──────── DATA TO USE
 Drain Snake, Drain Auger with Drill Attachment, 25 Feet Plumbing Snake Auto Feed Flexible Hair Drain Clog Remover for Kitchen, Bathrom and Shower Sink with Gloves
────────────────
──────── DATA TO USE
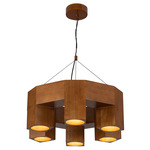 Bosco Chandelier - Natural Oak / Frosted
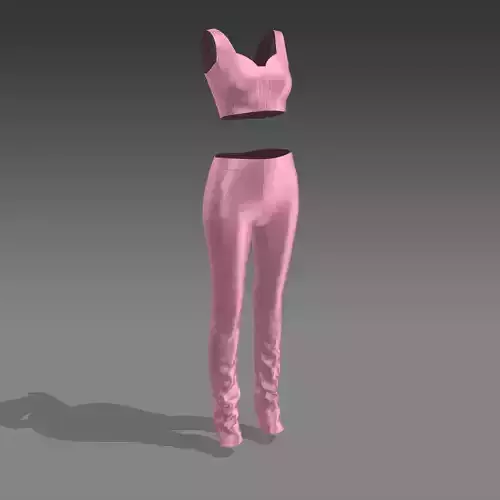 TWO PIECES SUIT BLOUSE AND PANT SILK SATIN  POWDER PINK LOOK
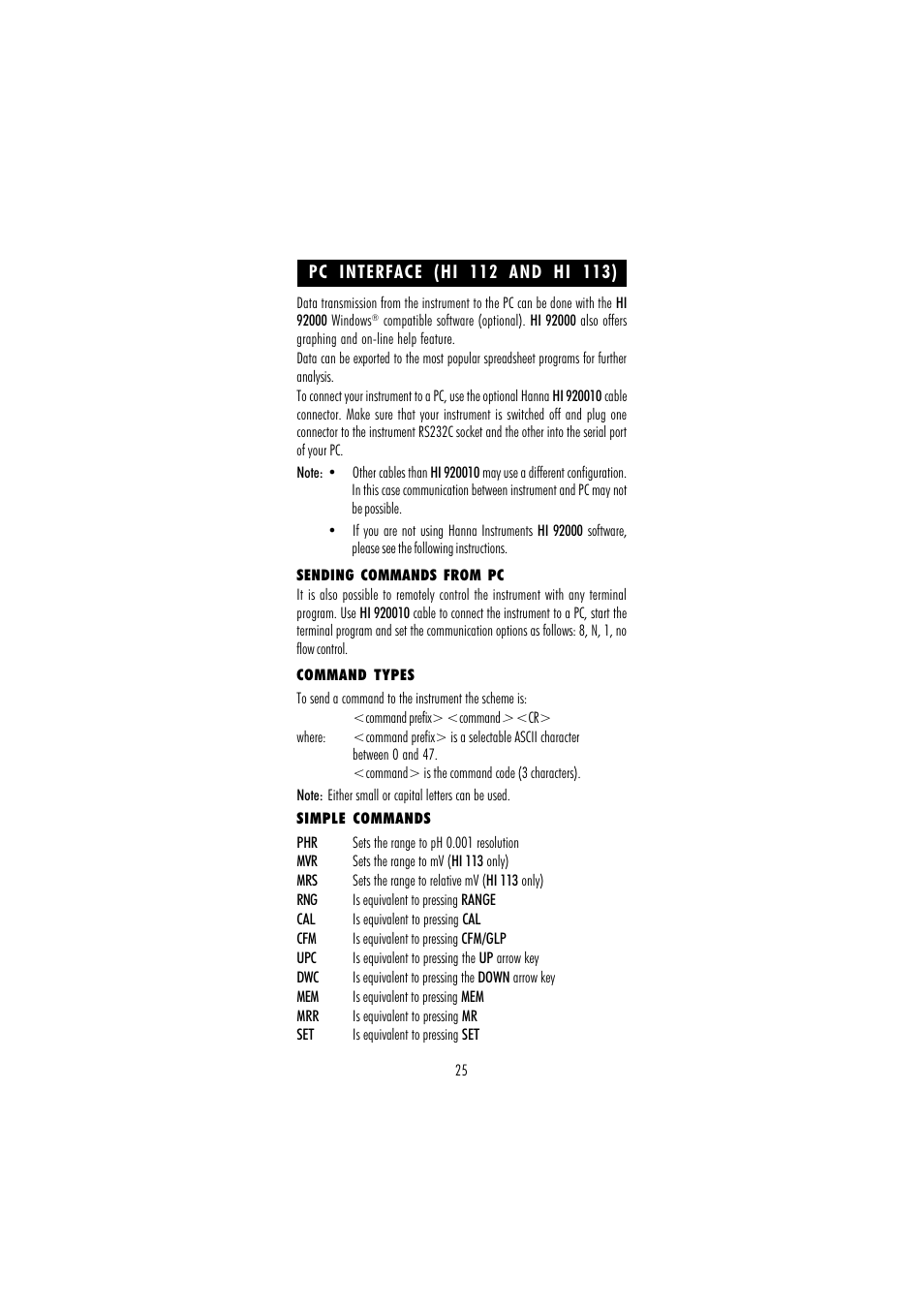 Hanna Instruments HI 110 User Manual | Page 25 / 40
────────────────
• **WHAT YOU SHOULD DO**
Within the entries above, give again exactly the lines starting at the one that contains "TWO PIECES SUIT" and ending at the one that contains "Hanna Instruments HI", leaving out the pictures.

• **SOLUTION TO THE PROBLEM**
 TWO PIECES SUIT BLOUSE AND PANT SILK SATIN  POWDER PINK LOOK
 Hanna Instruments HI 110 User Manual | Page 25 / 40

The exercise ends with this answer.